A Closer Look At Ultrasonic Debridement

Martin E. Wendelken, DPM, RN, Lee Markowitz, DPM, and Oscar M. Alvarez, PhD

Can ultrasonic debridement facilitate improved wound healing? Sharing insights from their clinical experience as well as the literature, these authors discuss the mechanism of ultrasonic debridement, how it compares to other debridement methods and offer perspectives on the advantages and weaknesses of ultrasonic debridement.

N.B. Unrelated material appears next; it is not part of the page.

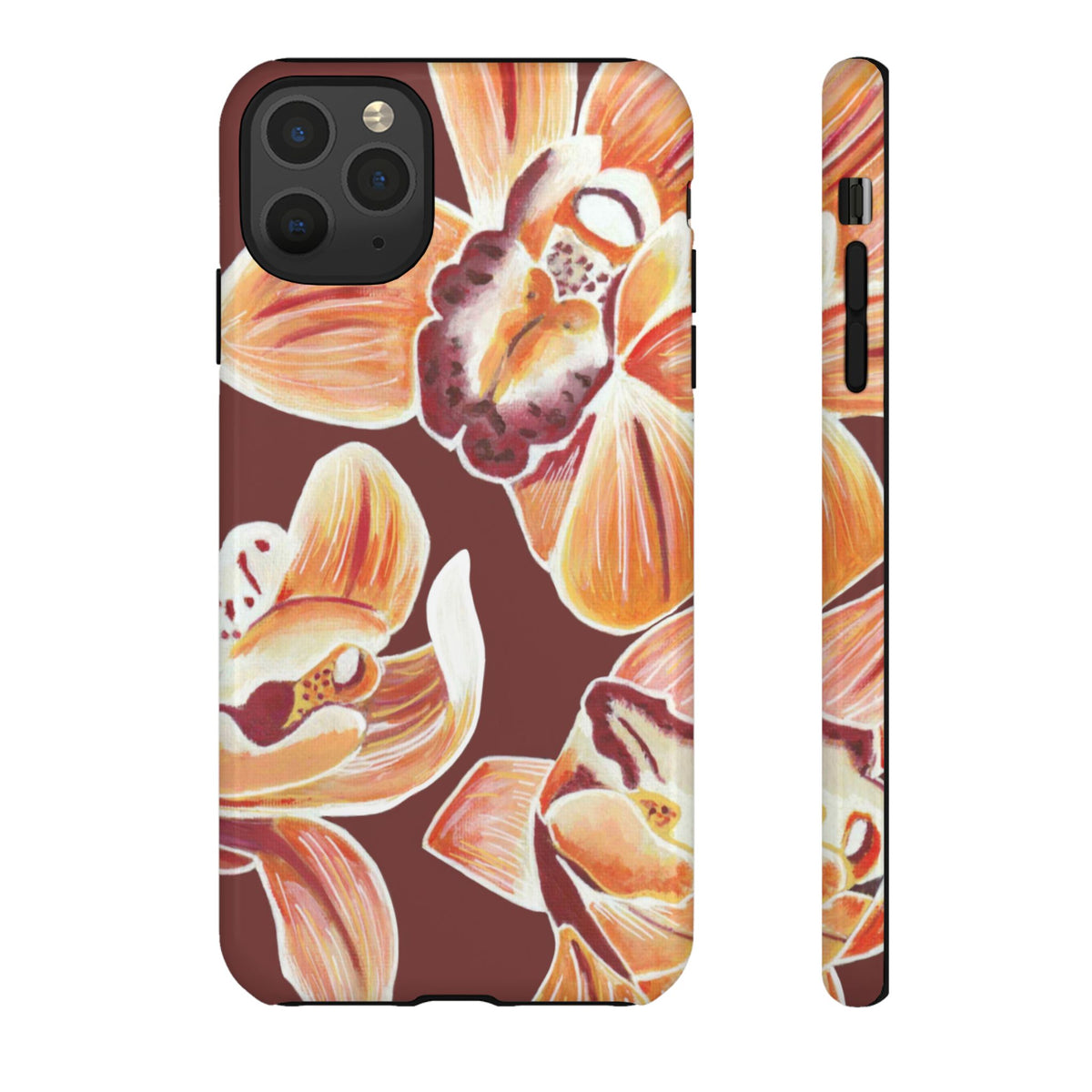 ORANGE ORCHIDS
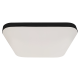 Plafonnier NEMO carré 33cm noir LED blanc neutre 4000k 1530m 16W IP44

   Ultrasound in medicine continues to help the clinician treat and evaluate numerous conditions and pathologies. Diagnostic ultrasound at frequencies of 5 to 12 MHz provides the ability to view the musculoskeletal system for pathology in addition to evaluating arterial and venous blood flow. Therapeutic ultrasound for physical therapy uses frequencies ranging from 0.7 to 3.3 MHz. This treatment provides the benefits of both thermal and non-thermal effects on soft tissue.1

   Low-intensity pulsed ultrasound (at 1 kHz) provides a mechanical stimulus that helps bones heal as in the case of both traumatic and surgical nonunions.2 Low-frequency ultrasound (22 kHz to 35 kHz) has also found a home in wound care. One may utilize this modality to remove devitalized tissue as a selective method of wound debridement.

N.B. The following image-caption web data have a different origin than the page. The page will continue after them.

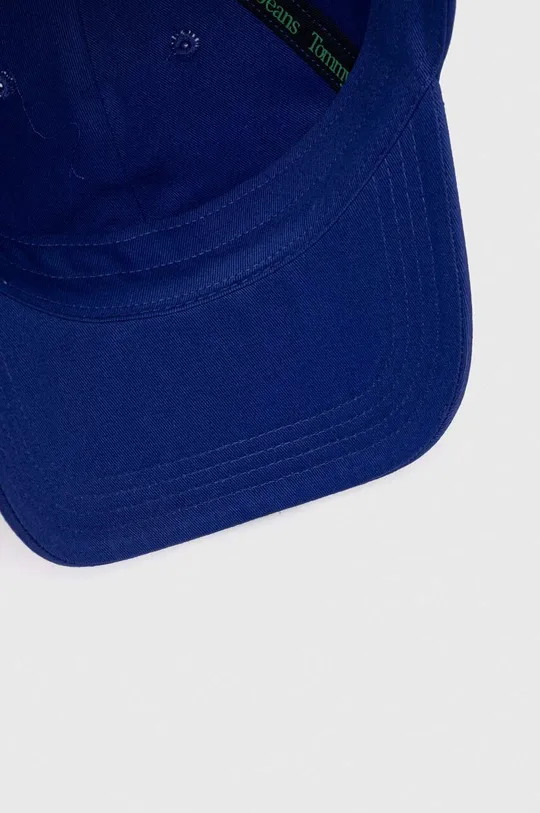 μπλε Βαμβακερό καπέλο του μπέιζμπολ Tommy Jeans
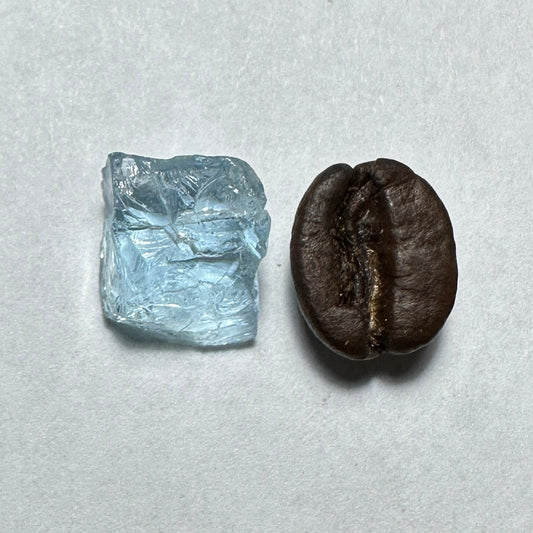 4.95ct AQUAMARINE BERYL Facet Rough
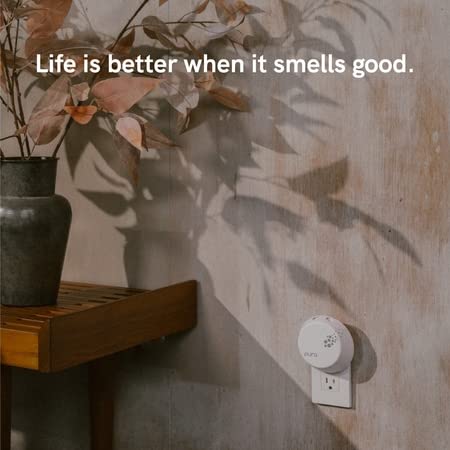 Pura Smart Fragrance Diffuser - Aromatherapy Diffuser for Bedrooms & Living Rooms - Diffusers for Home That Holds Two Scents - Fragrance Diffuser for Home Scent - Room Scent Diffuser with Nightlight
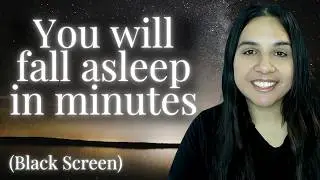 Sleep Hypnosis | A Gentle Ending to a Long Day.. (Black Screen/ 3 Hour)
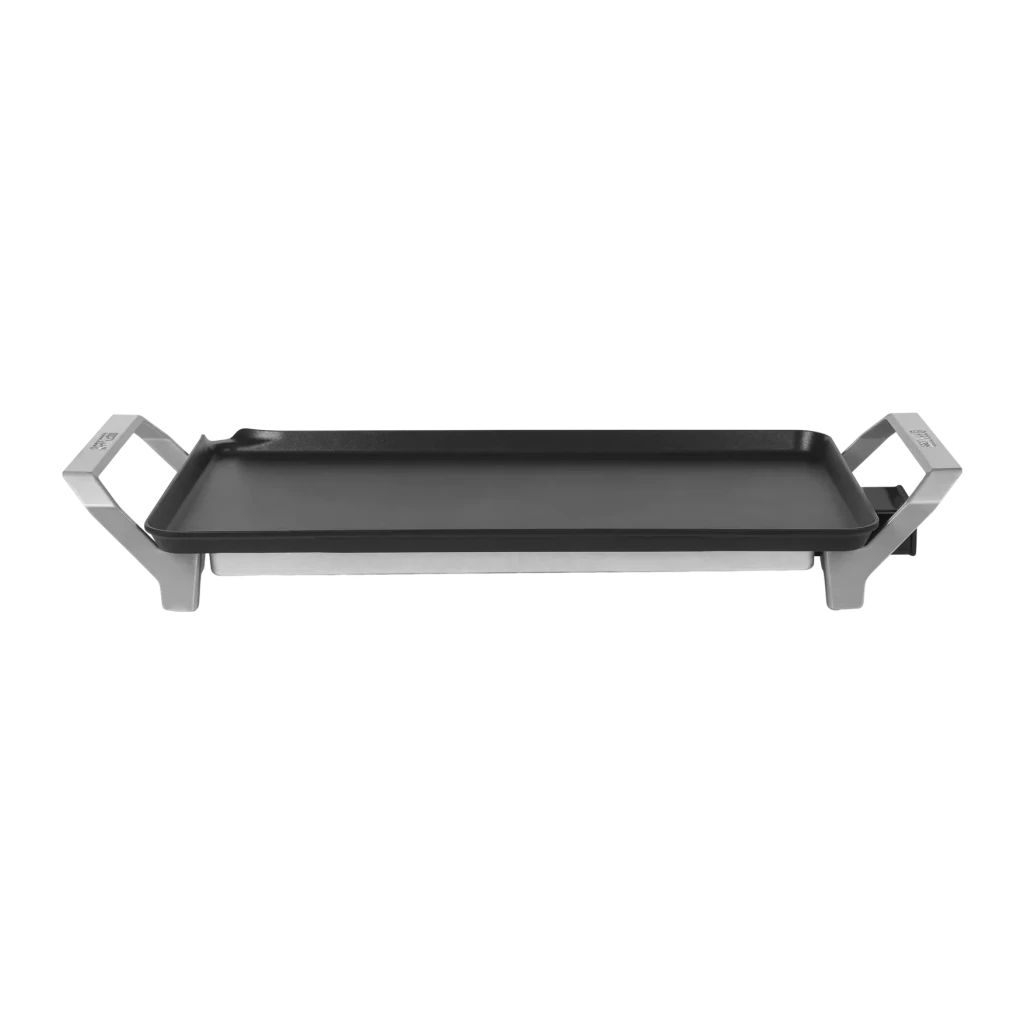 Plancha de asar Princess Table Chef Premium XL 2500W 460x260mm Negro, detalle: superficie antiadherente negra y asas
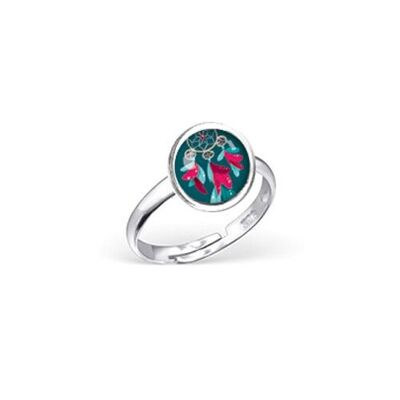 Anillo infantil de plata ajustable -Atrapasueños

   Debridement of non-viable tissues is necessary for wound improvement and healing, and is considered a cornerstone of acute or chronic wound management. Research has shown that removing non-viable tissues decreases the incidence of infection and accelerates the rate of closure.3,4

Reviewing The Different Methods Of Debridement

Methods of debridement include sharp debridement, mechanical debridement, autolytic debridement, biosurgical debridement and chemical (enzymatic) debridement.
The term surgical or sharp debridement does not necessarily imply aggressive debridement. The level of invasiveness defines aggressive debridement. Sharp debridement describes the use of surgical instruments such as scissors, scalpels, curettes or other sharp blades to remove devitalized tissue.

   Sharp debridement can be invasive (aggressive) or non-invasive (conservative). For example, removing eschar from a pressure ulcer that you have clearly differentiated from viable tissue is considered conservative even if you use a blade or scissor. Sharp debridement, if the physician performs it conservatively, does not require anesthesia or hemostasis. This is the fastest type of debridement.

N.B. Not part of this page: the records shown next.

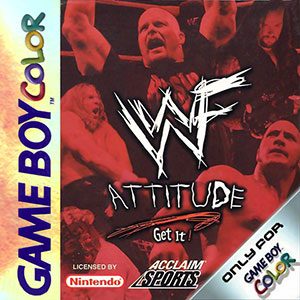 Carátula del juego WWF Attitude (GBC)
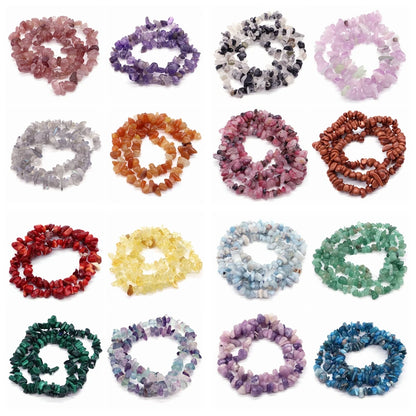 Natural Lilac Lepidolite Crystal Stone Beads Freeform Chips Gravel for Party Gift DIY Crafts Necklace Bracelet Jewelry Making - AMULET RING STORE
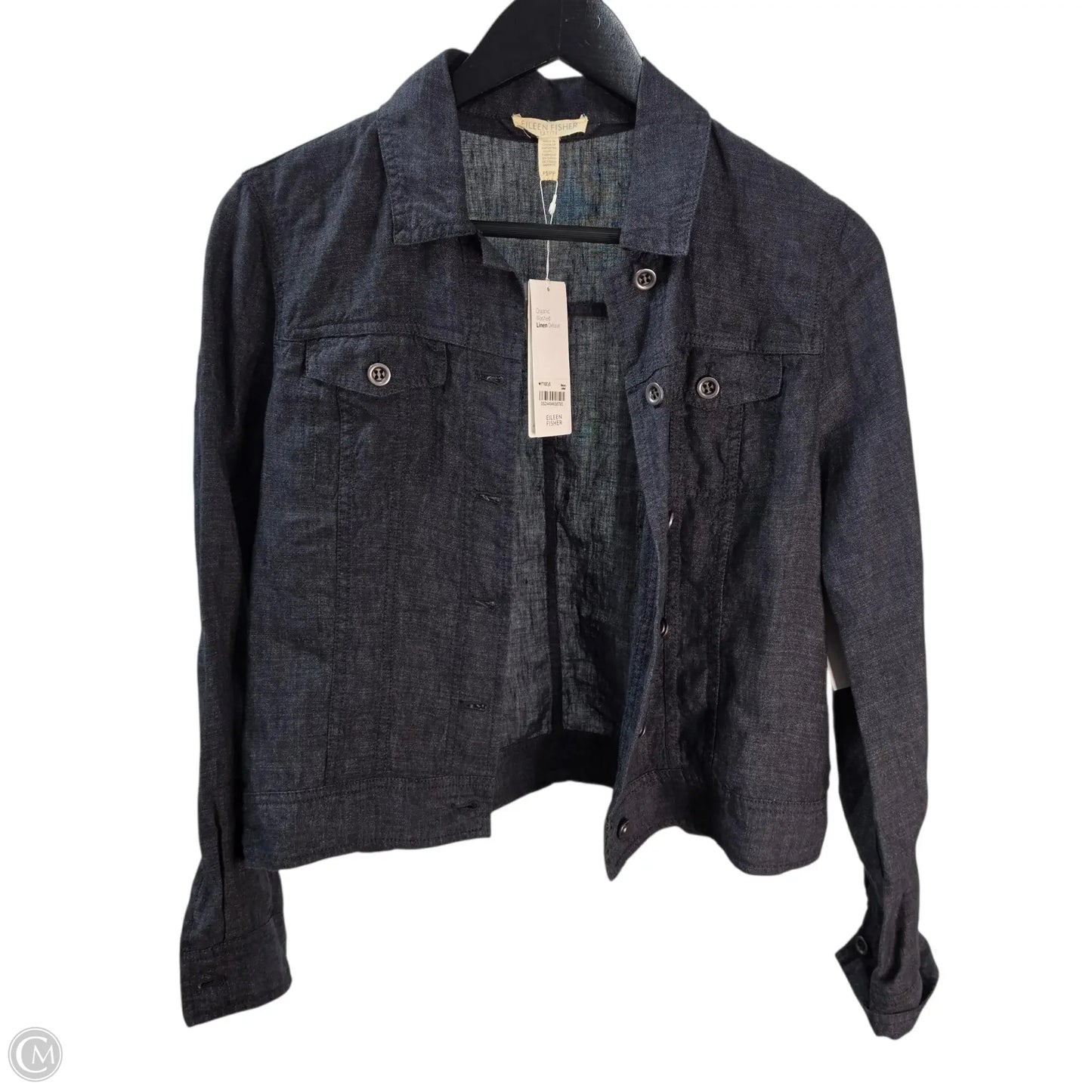 Jacket Other By Eileen Fisher In Navy, Size: Sp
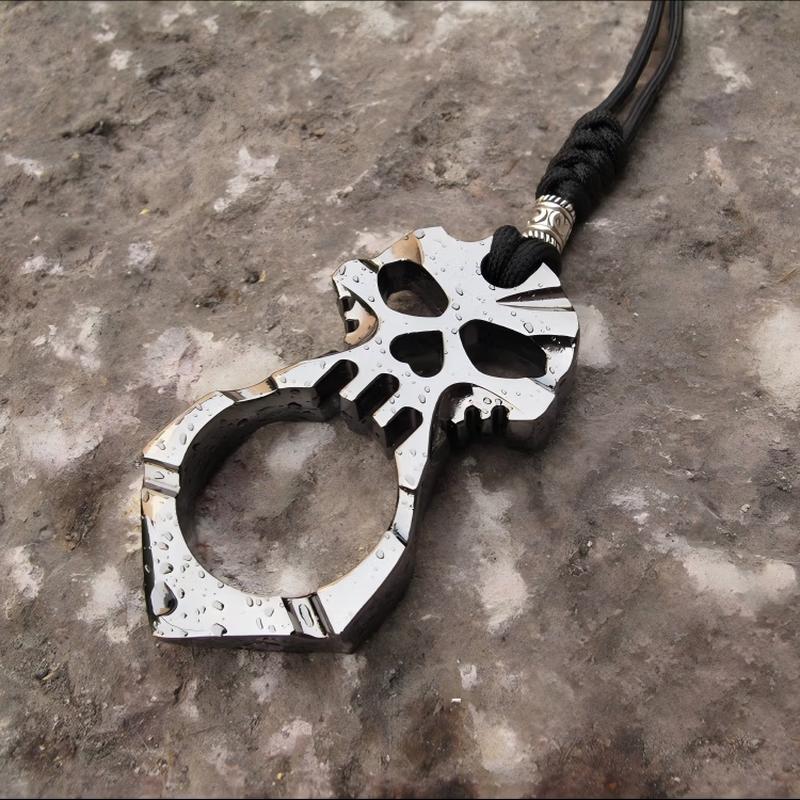 Кольцо-перстень Brangdy с черепом, стеклобой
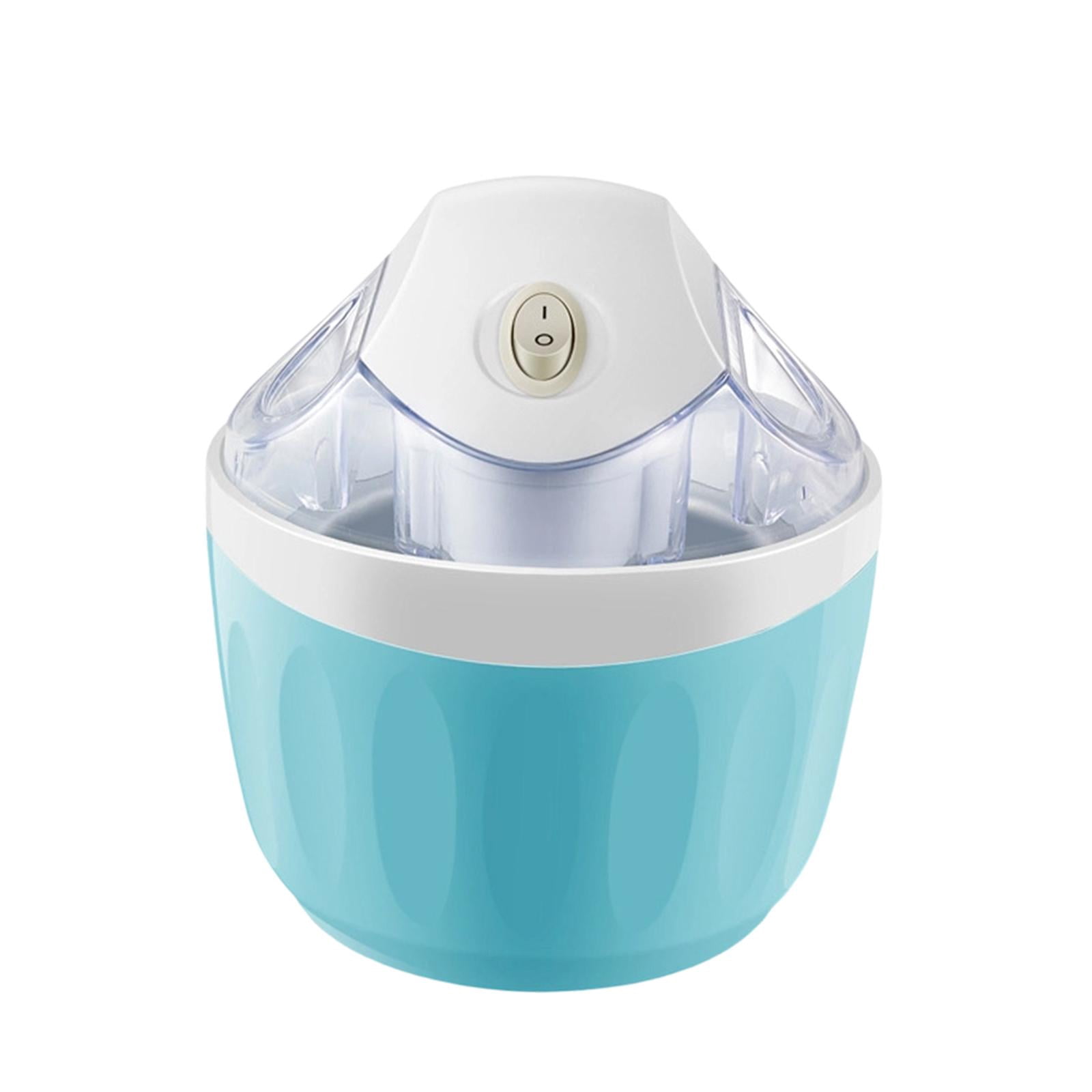 Nishiyuenyi Electric Ice Cream Maker Easy to Clean and Use Home Use Summer Dessert Maker Blue White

   Autolytic debridement is a form of chemical debridement but does not involve treating the wound with a therapeutic agent. It is the process by which the wound bed clears itself of devitalized tissue and cellular debris via phagocytic cells and endogenous proteolytic enzymes present in the wound or in wound fluid.

   Autolytic debridement usually requires the use of a moist, hypoxic environment provided by an occlusive dressing. The debridement by autolysis of deep pressure ulcers or diabetic neuropathic foot ulcers is not as predictable as with venous ulcers or more superficial pressure ulcers, and may take a longer time.5

   Chemical debridement involves the application of topical agents (enzymatic or non-enzymatic) that chemically disrupt or digest devitalized extracellular proteins present in the wound. Most of the research work in the field of chemical debridement has dealt with the use of enzymes with proteolytic action.6

   Biosurgical debridement involves myiasitic maggots, which feed on dead tissue, resulting in the cleaning of the wound bed.7

   Mechanical debridement may be aggressive or conservative. Mechanical debridement methods include hydrosurgery, forceful irrigation (high-pressure saline debridement), therapeutic ultrasound hydrotherapy and the use of wet-to-dry gauze dressings. The difference between mechanical debridement and other methods is that mechanical debridement does not discriminate between viable and nonviable tissues.